Il coinvolgimento del ragazzo è un elemento fondamentale della pedagogia degli oratori. La Grazia perfeziona la natura senza eliminarla, pertanto l’arcivescovo mette in guardia da uno sradicamento completo del soggetto educato: «c’è una ricerca delle cause che riconduce la trasgressione in età giovanile alle radici, con una sorta di predestinazione dovuta alla famiglia e all’ambiente in cui un ragazzo nasce. Le radici sono, dunque, in un terreno inquinato. La cura, in tale senso, potrebbe essere interpretata come uno sradicare, togliendo le persone dall’ambiente in cui si nutrono di impostazioni sbagliate della vita», ma si colpiscono anche dimensioni profonde, ineliminabili, dell’individuo. L’idea che l’uomo sia riprogrammabile a piacimento, come un computer, è un vecchio mito illuminista. Mons. Delpini ammonisce: «talvolta, si è costretti a sradicare per cercare spazi più propizi, ma sappiamo come sia un rimedio relativo – sempre doloroso – e non automaticamente risolutivo», perché l’identità della persona non si costruisce a tavolino.

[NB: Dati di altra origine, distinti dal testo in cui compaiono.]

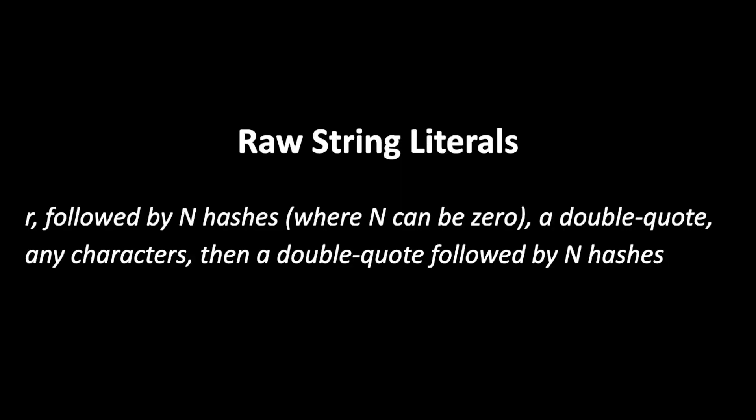Raw string literals are defined using the lowercase letter r, followed by n number of hashes, where n can be 0, a double quote, any number of characters, another double quote, and n number of hashes. Note that the number of hashes in the beginning must match the number of hashes at the end.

Meglio creare attorno al giovane un ambiente sano, che trasmetta valori positivi per osmosi: «per ripartire, per gettare un ponte tra “dentro” e “fuori”, – spiega -, è necessario dare ragioni alla speranza e credo che una comunità accogliente sia un nodo determinante. Noi adulti dobbiamo riconoscere di essere in debito con la generazione giovanile e dovremmo chiederci come essere testimoni di una speranza promettente che dice che vale la pena diventare adulti assumendosi responsabilità, mettendo a frutto i talenti per il bene proprio e quello altrui».
La “terapia” della speranza riguarda sia i minori carcerati che la gioventù nella sua generalità: «questa è una speranza che comprende un futuro più grande della previsione, immaginando un compimento della vita. La buona volontà delle istituzioni, dei Corpi intermedi, delle Fondazioni devono indicare questo».